As one might expect, these interest rate hikes are having a significant impact on the nature and requirements of many corporate and commercial deals.

Higher Interest, Higher Risk

While the appetite for transactions in Canada remains strong, particularly on the part of sellers wishing to exit markets, rising interest rates mean that the cost of borrowing has skyrocketed. Today, the leverage available to buyers is unfortunately much more costly, and carries greater risk than it did in 2021. The metrics used in calculating a buyer’s leverage have not changed, but the rapid rise in interest rates means that more consideration needs to be given to the liability and level of repayments that are interest vis-à-vis principal.

"rising interest rates mean that the cost of borrowing has skyrocketed"

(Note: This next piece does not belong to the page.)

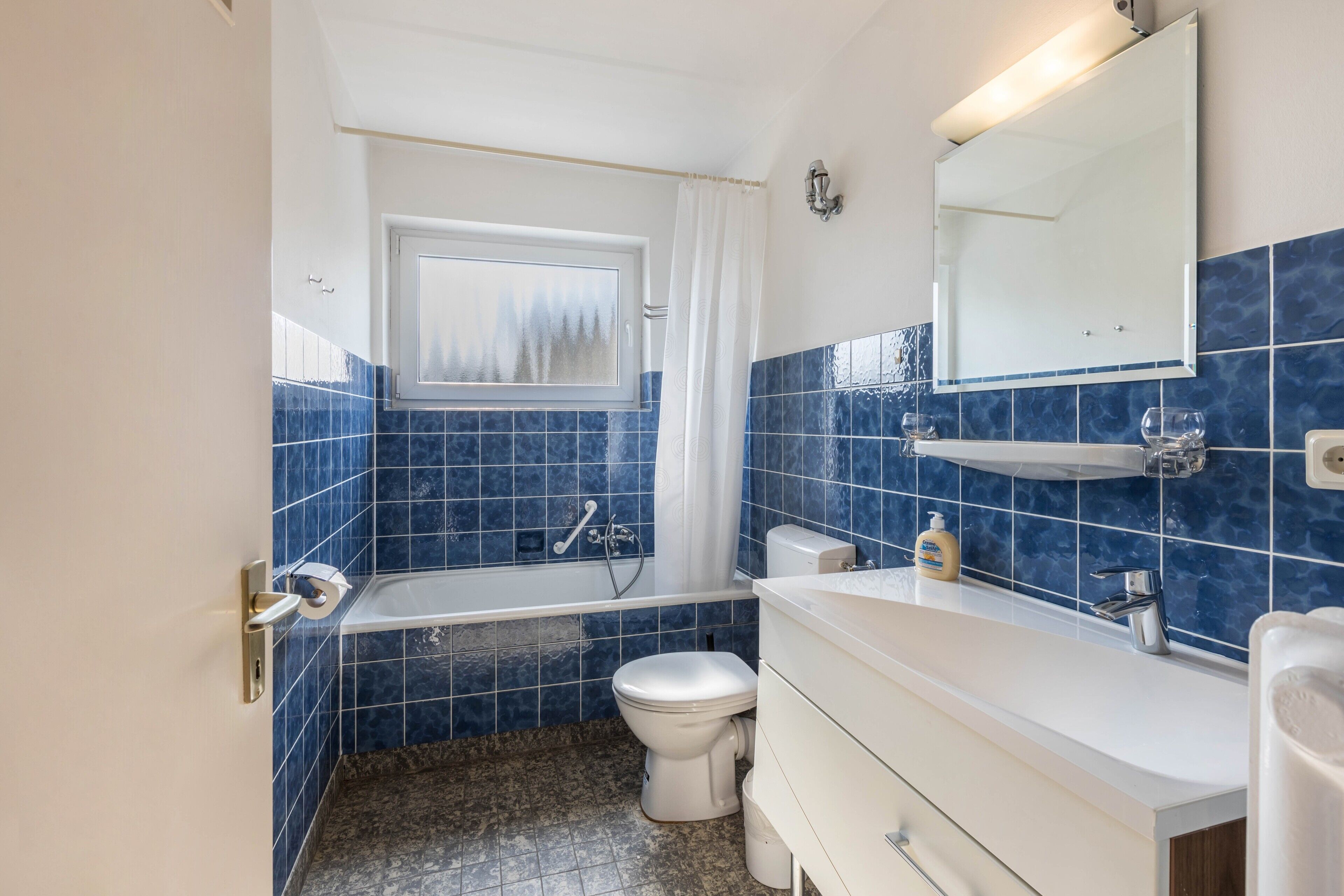 Ein Badezimmer mit Badewanne, Toilette und Waschbecken.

One of the most important considerations as part of an M&A deal involving any amount of risk should be the extent to which the seller’s indemnity obligations protect the buyer. Most transactions include indemnity clauses and provisions as part of the purchase agreement, helping to provide the buyer with security, recourse and recovery in the event of a default under the purchase agreement. In certain instances, the recourse or recovery amounts may include an agreed upper limit or “cap”, should the deal result in losses or harm to the purchaser (ie, breaches of the seller’s representations and warranties or non-compliance with covenants).

Look Before You Leap


However, time and effort should be spent – by both the buyer and the seller – to understand exactly and how much any such indemnification will cover, especially when higher interest rates are involved. In this elevated interest rate environment, buyers need to make sure they are aware of whether their indemnity provisions will cover the cost of borrowing – in addition to any costs incurred through things like “break-up”/“breakage” fees and penalties if the deal turns sour.

In essence, a smooth transaction now requires greater awareness and consideration of the exposures that the higher cost of borrowing brings with it.

When Can Higher Caps Help?

In times of lower interest rates, indemnity provisions can be capped at anything up to 100% of the transaction value, without having to allocate the risk of the higher cost of borrowing. When it comes to deciding the “ideal” cap to put in place, the view of one party may be wildly different from another’s. However, in light of higher interest rates and the aforementioned risks that come with them, a cap covering 100% of the purchase price may no longer be enough.

Indemnity provisions without caps can often provide adequate protection and recourse for the parties involved, especially when the risks and exposures are greater.

"a cap covering 100% of the purchase price may no longer be enough"

However, inherent to higher liability caps is the need for buyers, sellers and lenders to come to an agreement and understanding as to what is an acceptable level of risk versus compensation for everyone involved. As one might expect, it is often in the best interest of a seller to negotiate a lower liability cap, while it is often in the best interest of a buyer to negotiate a high liability cap. Indemnity caps have come to the forefront of many an agreement, and effective negotiation – specifically addressing liability limits – has never been more important.

Negotiate for the Right Amount of Protection

In light of elevated interest rates, legal advisers now need to factor in a strong ability to work with their clients and/or the parties involved in any transaction, to manage expectations and help formulate new and alternative plans towards a successful deal. In any deal you approach, after considering the breakage fees that may be associated with any acquisition financing being used for the transaction, make sure that you and/or your clients have carefully considered and understand what liability and indemnification caps are included, and whether they provide you with the scope of protection, security and options that you are looking for.